Un inédit de Harry Crews c’est forcément une excellente nouvelle. Si cet auteur n’est pas présent sur le blog, c’est qu’il y a bien longtemps que je l’ai lu, et j’en garde un souvenir marquant. Autant dire que la parution de Nu dans le jardin d’Eden chez Sonatine est un événement.
Garden Hills, en Floride n’était rien. Puis Jack O’Boylan est arrivé, a payé une fortune au père de Fat Man, le seul habitant qui ait senti le bon coup, puis a commencé à exploiter une mine de phosphate. Garden Hills c’est alors trouvé noyé sous le travail, le monde, l’argent et la poussière. Puis la mine s’est épuisée, Jack est parti, avec lui l’argent et le monde. Seuls sont restés Fat Man et sa fortune, une douzaine de familles et la poussière. C’est dans ce monde de désolation que survivent donc Fat Man, près de trois cent kilos, Jester, tout petit homme « parfait », jockey raté qui est à son service, et quelques autres. Dolly, ex miss Phosphate de retour New York va bouleverser ce petit monde avec son ambition de ramener, à tout prix, l’argent et le monde à Garden Hills.

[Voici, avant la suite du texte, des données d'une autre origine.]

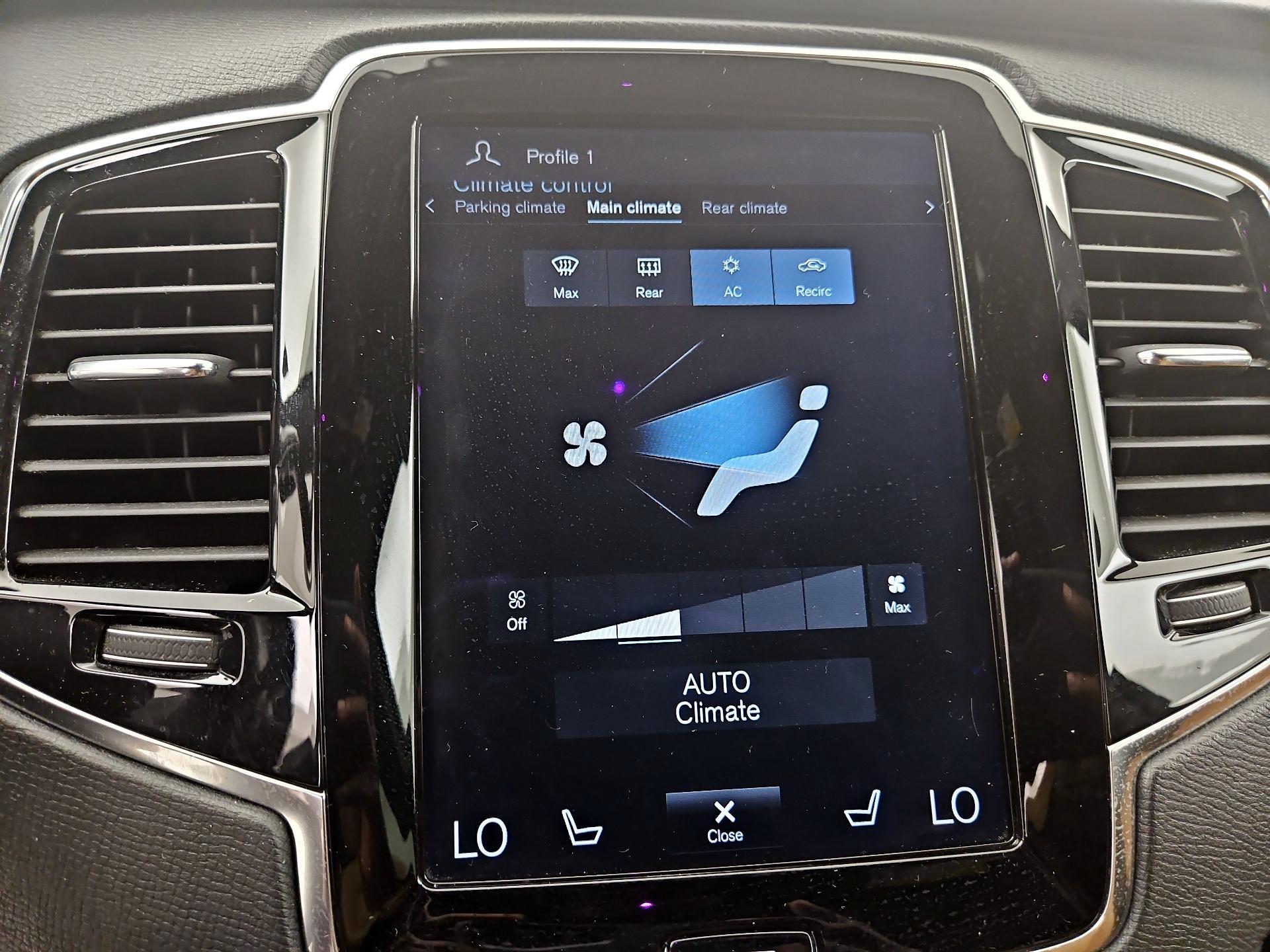 Thumbnail: 2018 Volvo XC90 - 17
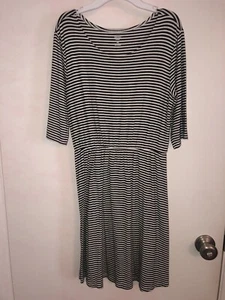 EUC Old Navy Black White Striped Modest Dress Girl's Size XL 14 - Picture 1 of 3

Même si je vais un peu chipoter, s’il y a une seule chose à dire sur ce roman, la voici : Merci Sonatine et merci Patrick Raynal pour cette traduction. Maintenant on peut chipoter.
Je préfère d’autres romans d’Harry Crews. Voilà, c’est dit. Je préfère Car, Body, Le chanteur de gospel ou La foire aux serpents. Et pourtant tout ce qu’on trouve dans ces quatre romans qui sont mes préférés de l’auteur (avec sa bio extraordinaire, Des mules et des hommes) est aussi présent ici, dans Nu dans le jardin d’Eden.
A commencer par ses personnages à la limite des Freaks. Des paumés, ratés, distordus, faisant subir toutes les avanies possibles à leurs corps. Des gens pauvres, qui n’ont que ce corps et qui, en l’exhibant d’une façon ou d’une autre, vont tenter d’accéder à la richesse. Bien avant la télé « réalité », l’auteur a une façon unique de mettre en scène et en public ces corps torturés, ces performances absurdes. Et de décrire la fascination morbide que tout cela exerce sur le public, sur nous tous.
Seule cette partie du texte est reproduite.